Month: March 2015

Bees fly with bees

“You know what they say about a husband who keeps his knives sharp?”


“He’s not afraid of his wife.”

I giggle at Pom’s joke, and she smiles, continuing to pound lemongrass and galangal together. She’s making green curry paste, a long, intensive process that fills the house with the sound of her mortar and pestle. She’s just explained how the Thai used to say that a man could judge a potential wife’s character by standing outside her kitchen and listening to the rhythm of the pestle. A slow “thump…thump” indicates laziness. An irregular “thumpthump…thump…thump…” indicates an unfocused woman. A solid “thump thump thump” indicates a good work ethic.

I ask her what else indicates a woman’s character. “They say that women who sing in the kitchen will marry old men.”

“What? Why?”

“Well, I don’t know… something about not being a good wife,” she grins. “Maybe it’s because the old men know what is important in life.”

I laugh again. These are the lessons that are rarely written down, the jokes passed back and forth while preparing the daily meals. And these are the lessons that I search out. It is here, in this kitchen, that I am learning about Thai culture, because some of the best bits of culture are stored in the universal, daily necessity of eating. And the Thai, more than almost any other people I’ve been around, not only joke about, but truly celebrate, the joy of eating.


Pom pounds nam phrik, a chili based dipping sauce, in the mortar and pestle.

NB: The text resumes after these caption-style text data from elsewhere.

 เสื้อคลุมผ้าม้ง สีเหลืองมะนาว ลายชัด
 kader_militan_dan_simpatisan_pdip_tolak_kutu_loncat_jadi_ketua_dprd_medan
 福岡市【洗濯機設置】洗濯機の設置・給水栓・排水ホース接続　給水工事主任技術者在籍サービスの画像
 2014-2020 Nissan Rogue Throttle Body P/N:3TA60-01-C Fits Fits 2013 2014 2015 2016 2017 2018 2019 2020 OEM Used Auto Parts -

My favorite of the three kittens sleeps in the kitchen as Pom and I prepare dinner


Some Thai say that they have “two appetites”, one for meals and one for snacks and desserts. This is one of my favorite parts of the food culture- no relegated three meals a day, but a sort of grazing. In a city, food is accessible everywhere; one can find small snacks or entire feasts on the same block. With Pom and U, we eat throughout the day, structuring it around our work that is concentrated in the early morning and early evening.

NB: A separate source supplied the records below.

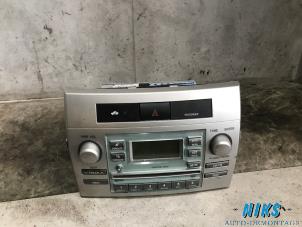 Usados Reproductor de CD y radio Toyota Corolla Verso (R10/11) 1.8 16V VVT-i Precio de solicitud ofrecido por Niks autodemontage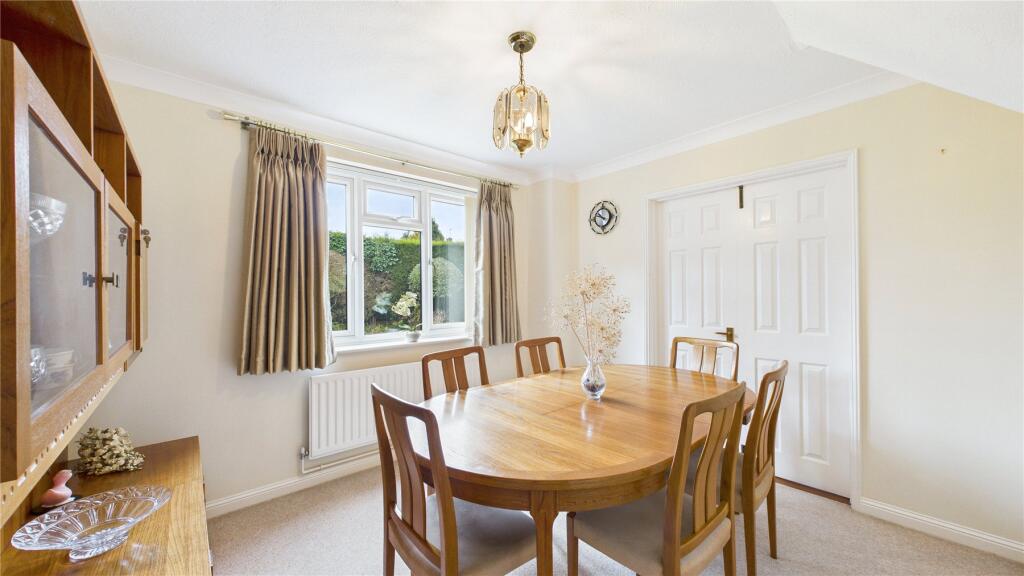 Russetts Close, Horsell, Surrey, GU21 photo 4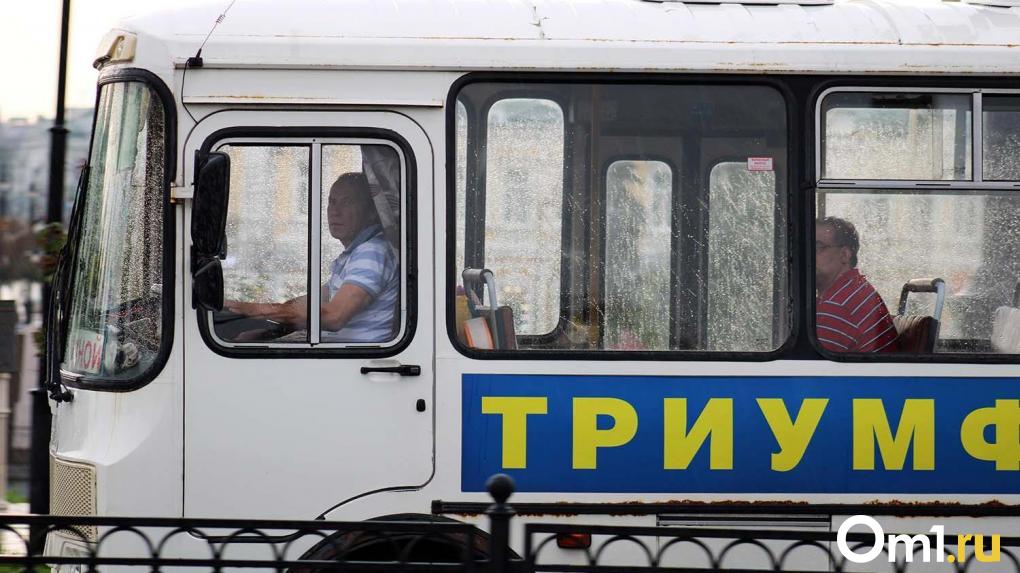 Зарплата 70 000 рублей: по какому графику работают омские водители?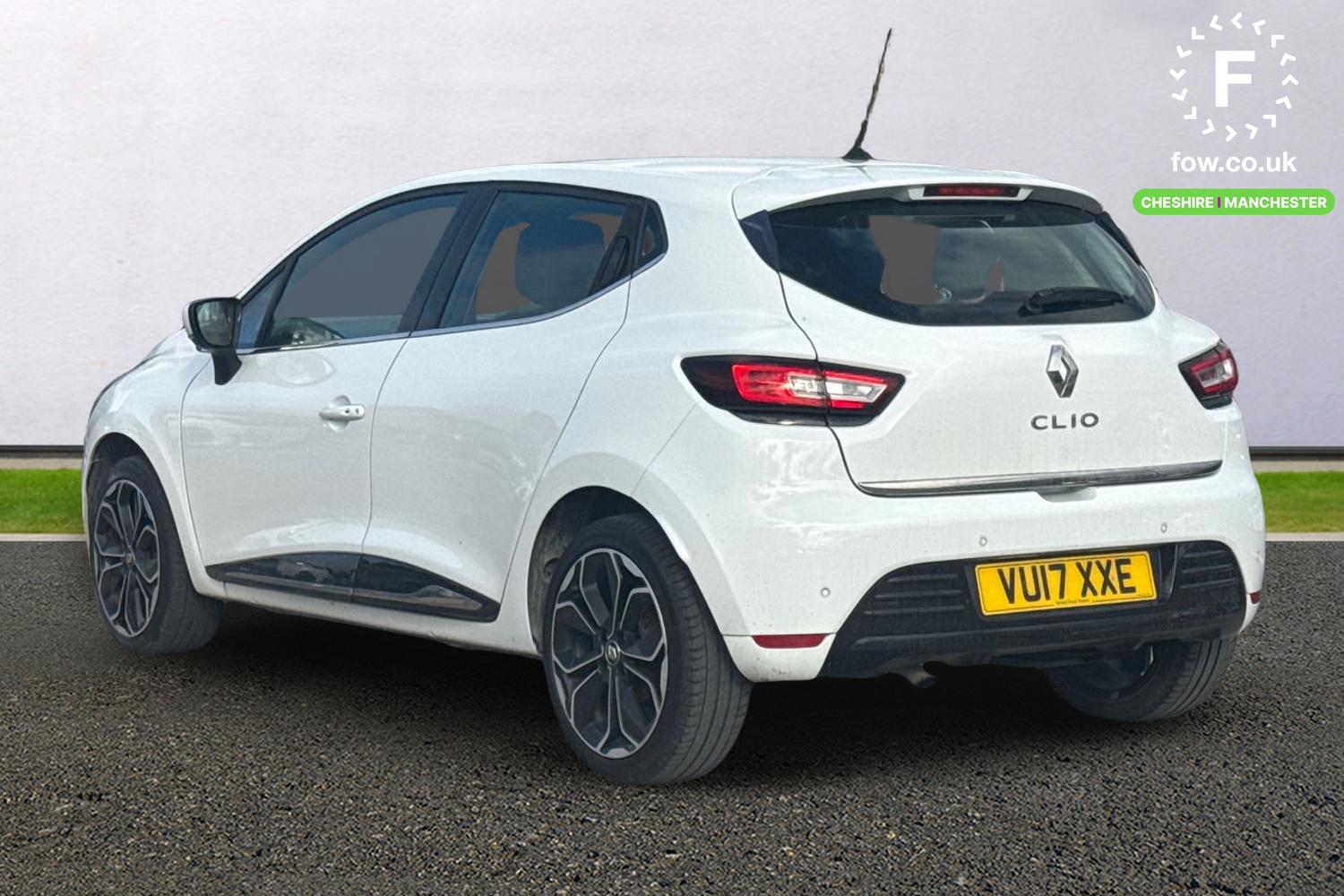 Used Renault Clio 2017 for sale - 76346414: Photo 2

On Valentine’s Day, an imported holiday in Thailand, I ask Pom if she expects flowers. She informs me that instead, U treats her to Swensen’s ice cream. We go to a nearby mall, choosing all our different flavors and toppings (though I haven’t been to a Swensen’s in America, I’m guessing that they don’t carry sweet sticky rice. But it was by far my favorite topping). While sharing our bowl, we joke that there is another appetite, solely dedicated to ice cream. I share this appetite with Pom.


One night, Pom, U, and I drive into town to eat dinner. Afterwards we watch a traveling Chinese opera show, sponsored by someone in the community to celebrate the Chinese New Year.

One day, while Pom and U are out making deliveries and I am home watering the vegetable garden, some of their friends come to visit. They enter the house bearing snacks from the long car ride from Bangkok, so we quickly become friends. When those snacks are finished, we decide to drive to the town market for more food.

I love shopping for food with people who love to eat as much as I do. As we walked through the market, my new friends chatted with every vendor, simultaneously collecting fresh ingredients for dinner and securing free samples from just about everyone. Someone buys grilled, marinated pork, someone else hands me a sticky rice dessert. I follow them around the market, eating and asking questions.

I can’t help but notice how friendly they are with all the vendors. They joke, they laugh, and I see that the vendors are sending them every which way. When I ask for some translation, they tell me that every vendor is asking what they will cook tonight, with these ingredients. Before I know it, seemingly half the market is yelling back and forth, telling them where to buy what for dinner- we can’t eat this fish without this vegetable, we really must buy some of that sauce for the chicken, and aren’t we interested in some coconut ice cream?

After we finish shopping, we kill time outside the local 7-Eleven for twenty minutes, waiting to buy beer at 5 pm (there is an odd ban on the sale of alcohol between 2 and 5pm in stores in Thailand). I ask what we will cook for dinner, and they assure me that if I make the rice, they will take care of the rest.

Dinner takes a few hours to make, and we are slowed by the mosquito hoard that descends at sunset. Swatting mosquitoes, I watch the visitors pound chilis and steam fish, fry chicken and scrub vegetables, chatting all the while. When dinner is finally ready, we gather around the table, and for an instant, everyone is quiet.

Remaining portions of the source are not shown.